What the exercise asks:
Leave out the pictures and copy each record below exactly.

The data:
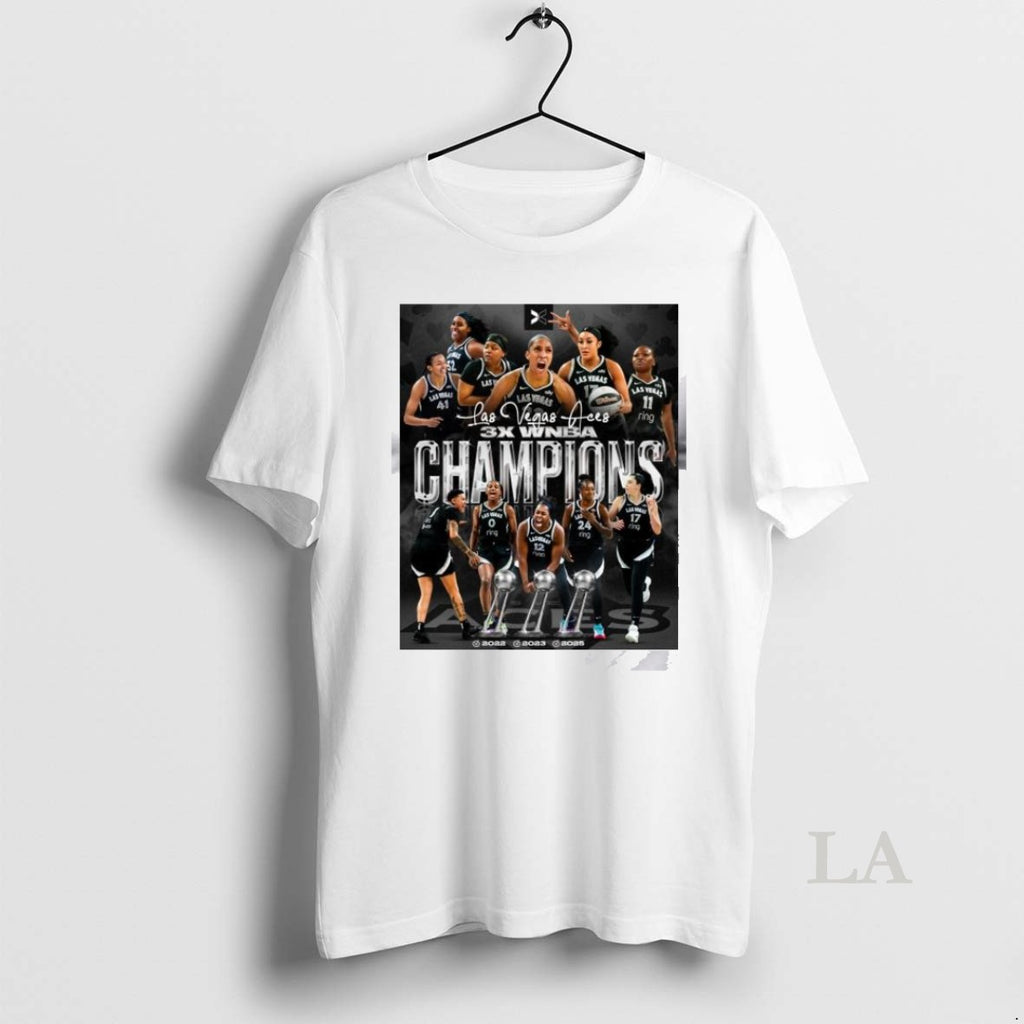 Original Las Vegas 3x Wnba Champions 2022 2023 2025 T Men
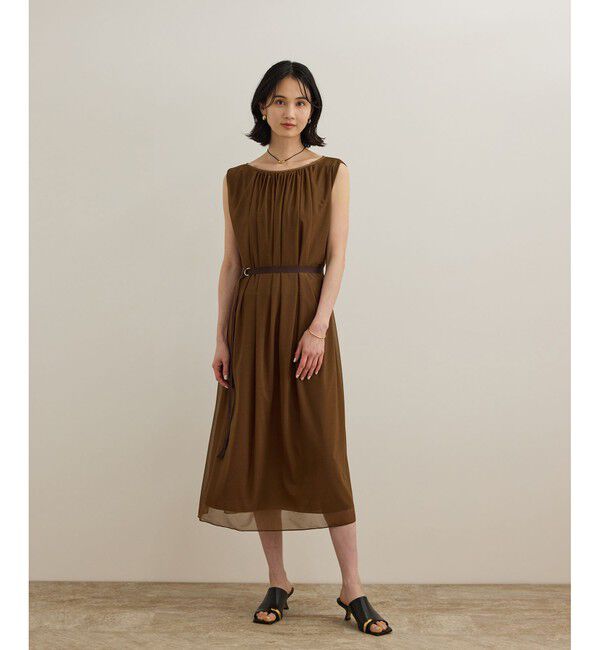 ROPE「ブライトネスヤーンギャザーワンピース/洗える」|ワンピース|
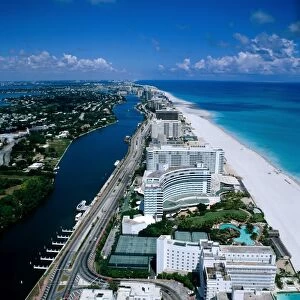 Miami Beach Skyline / Aerial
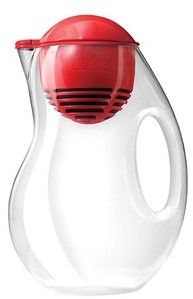 Pichet filtrant Bobble 2 litres Rouge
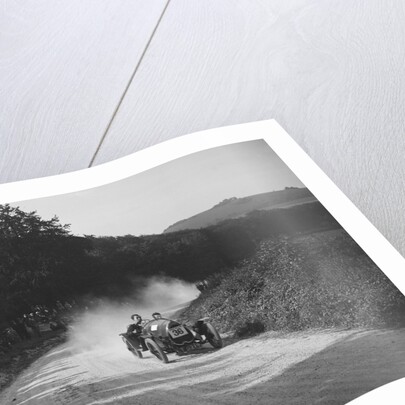 Raymond Mays' Bugatti competing in a JCC hillclimb, South Harting, Sussex, 1922 by Bill Brunell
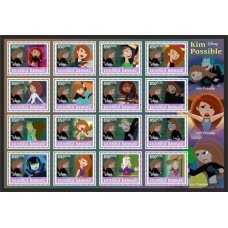 Stamps Cartoon Walt Disney Set 16 stamps Stamps Cartoon Walt Disney Set 16 stamps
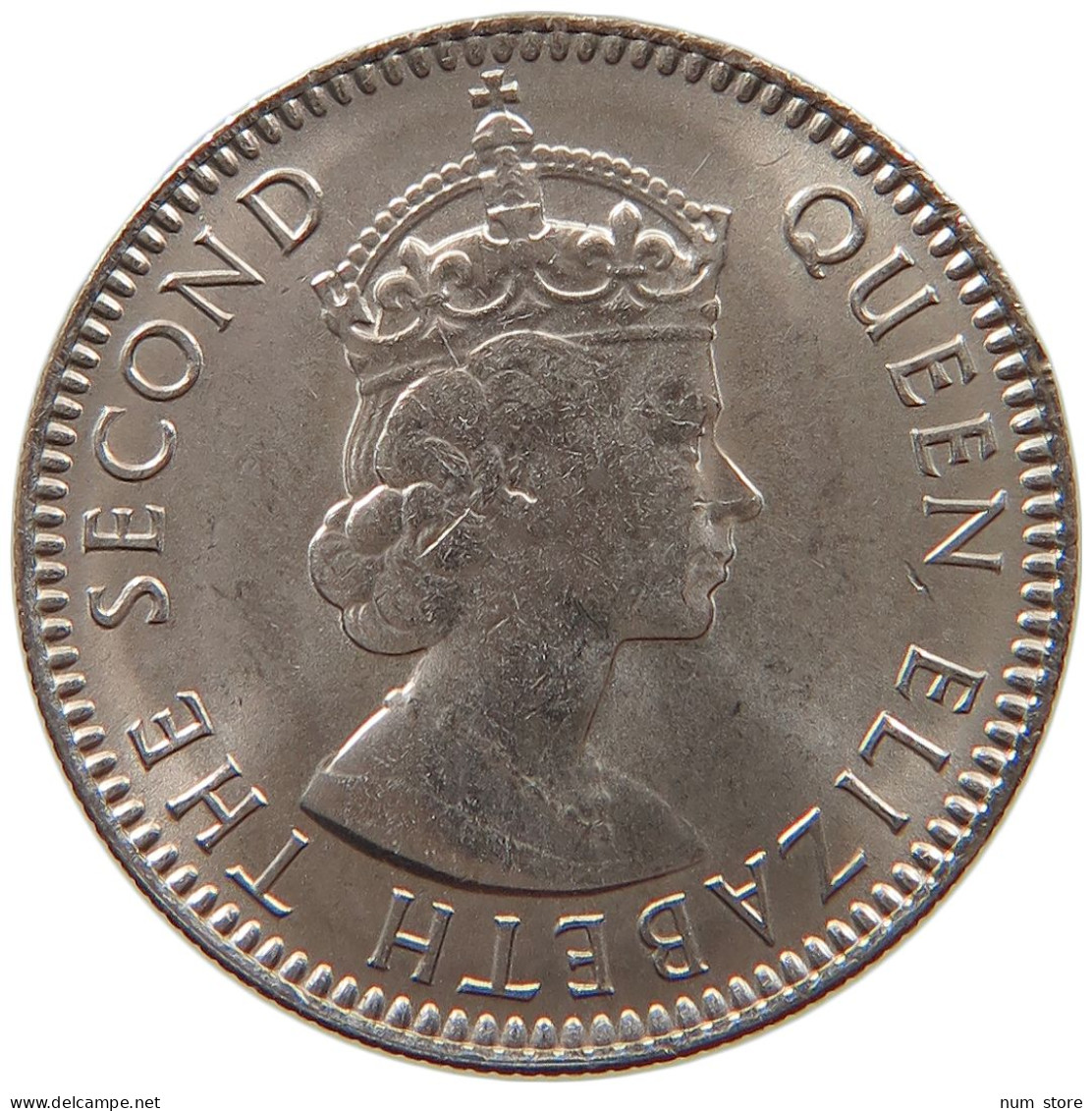 SEYCHELLES 25 CENTS 1973 Elizabeth II. (1952-2022) #s028 0199 - Seychelles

Output:
 Original Las Vegas 3x Wnba Champions 2022 2023 2025 T Men
 ROPE「ブライトネスヤーンギャザーワンピース/洗える」|ワンピース|
 Miami Beach Skyline / Aerial
 Pichet filtrant Bobble 2 litres Rouge
 Raymond Mays' Bugatti competing in a JCC hillclimb, South Harting, Sussex, 1922 by Bill Brunell
 Stamps Cartoon Walt Disney Set 16 stamps Stamps Cartoon Walt Disney Set 16 stamps
 SEYCHELLES 25 CENTS 1973 Elizabeth II. (1952-2022) #s028 0199 - Seychelles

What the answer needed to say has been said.